- Task objective -
The line with "Earth Kratom 250g Powder White Maeng Da", the line with "Dahi Gujiya Featured Image.", and all lines between them in the material below: return these exactly, and no others.

>>>

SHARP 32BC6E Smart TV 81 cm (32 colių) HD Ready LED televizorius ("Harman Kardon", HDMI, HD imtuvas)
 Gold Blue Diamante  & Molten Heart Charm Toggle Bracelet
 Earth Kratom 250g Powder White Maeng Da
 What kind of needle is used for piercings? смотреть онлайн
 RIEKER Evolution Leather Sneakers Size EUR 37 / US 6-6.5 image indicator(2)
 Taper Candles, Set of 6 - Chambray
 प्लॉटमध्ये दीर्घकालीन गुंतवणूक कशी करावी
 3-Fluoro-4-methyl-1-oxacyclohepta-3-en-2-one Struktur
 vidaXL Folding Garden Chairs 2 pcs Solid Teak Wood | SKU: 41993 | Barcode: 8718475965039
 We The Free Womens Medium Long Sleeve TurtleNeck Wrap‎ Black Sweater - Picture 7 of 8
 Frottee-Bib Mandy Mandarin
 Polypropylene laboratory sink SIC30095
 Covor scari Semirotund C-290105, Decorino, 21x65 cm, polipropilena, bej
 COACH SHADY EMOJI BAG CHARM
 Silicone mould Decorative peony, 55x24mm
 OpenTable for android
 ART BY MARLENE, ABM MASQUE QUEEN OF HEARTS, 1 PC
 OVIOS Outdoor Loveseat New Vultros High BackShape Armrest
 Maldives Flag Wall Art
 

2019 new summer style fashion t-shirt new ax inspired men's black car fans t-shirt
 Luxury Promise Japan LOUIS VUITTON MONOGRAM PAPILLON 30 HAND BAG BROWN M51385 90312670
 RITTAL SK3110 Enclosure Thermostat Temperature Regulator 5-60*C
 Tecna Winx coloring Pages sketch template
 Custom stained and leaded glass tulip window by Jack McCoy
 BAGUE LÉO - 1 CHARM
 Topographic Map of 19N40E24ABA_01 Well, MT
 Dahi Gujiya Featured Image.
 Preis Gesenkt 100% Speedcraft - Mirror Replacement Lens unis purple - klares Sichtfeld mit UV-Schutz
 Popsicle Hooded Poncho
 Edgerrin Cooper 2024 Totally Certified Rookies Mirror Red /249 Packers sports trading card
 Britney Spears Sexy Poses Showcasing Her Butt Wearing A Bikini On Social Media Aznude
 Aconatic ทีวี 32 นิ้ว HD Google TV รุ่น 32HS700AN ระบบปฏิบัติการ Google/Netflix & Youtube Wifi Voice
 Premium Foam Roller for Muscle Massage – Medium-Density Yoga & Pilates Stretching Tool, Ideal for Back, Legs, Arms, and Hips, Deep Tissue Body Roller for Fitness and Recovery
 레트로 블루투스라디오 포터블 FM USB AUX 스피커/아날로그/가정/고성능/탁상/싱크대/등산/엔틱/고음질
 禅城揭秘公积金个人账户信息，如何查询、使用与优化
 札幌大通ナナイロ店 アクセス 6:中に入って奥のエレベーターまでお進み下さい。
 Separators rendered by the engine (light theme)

<<<

- Result -
 Earth Kratom 250g Powder White Maeng Da
 What kind of needle is used for piercings? смотреть онлайн
 RIEKER Evolution Leather Sneakers Size EUR 37 / US 6-6.5 image indicator(2)
 Taper Candles, Set of 6 - Chambray
 प्लॉटमध्ये दीर्घकालीन गुंतवणूक कशी करावी
 3-Fluoro-4-methyl-1-oxacyclohepta-3-en-2-one Struktur
 vidaXL Folding Garden Chairs 2 pcs Solid Teak Wood | SKU: 41993 | Barcode: 8718475965039
 We The Free Womens Medium Long Sleeve TurtleNeck Wrap‎ Black Sweater - Picture 7 of 8
 Frottee-Bib Mandy Mandarin
 Polypropylene laboratory sink SIC30095
 Covor scari Semirotund C-290105, Decorino, 21x65 cm, polipropilena, bej
 COACH SHADY EMOJI BAG CHARM
 Silicone mould Decorative peony, 55x24mm
 OpenTable for android
 ART BY MARLENE, ABM MASQUE QUEEN OF HEARTS, 1 PC
 OVIOS Outdoor Loveseat New Vultros High BackShape Armrest
 Maldives Flag Wall Art
 

2019 new summer style fashion t-shirt new ax inspired men's black car fans t-shirt
 Luxury Promise Japan LOUIS VUITTON MONOGRAM PAPILLON 30 HAND BAG BROWN M51385 90312670
 RITTAL SK3110 Enclosure Thermostat Temperature Regulator 5-60*C
 Tecna Winx coloring Pages sketch template
 Custom stained and leaded glass tulip window by Jack McCoy
 BAGUE LÉO - 1 CHARM
 Topographic Map of 19N40E24ABA_01 Well, MT
 Dahi Gujiya Featured Image.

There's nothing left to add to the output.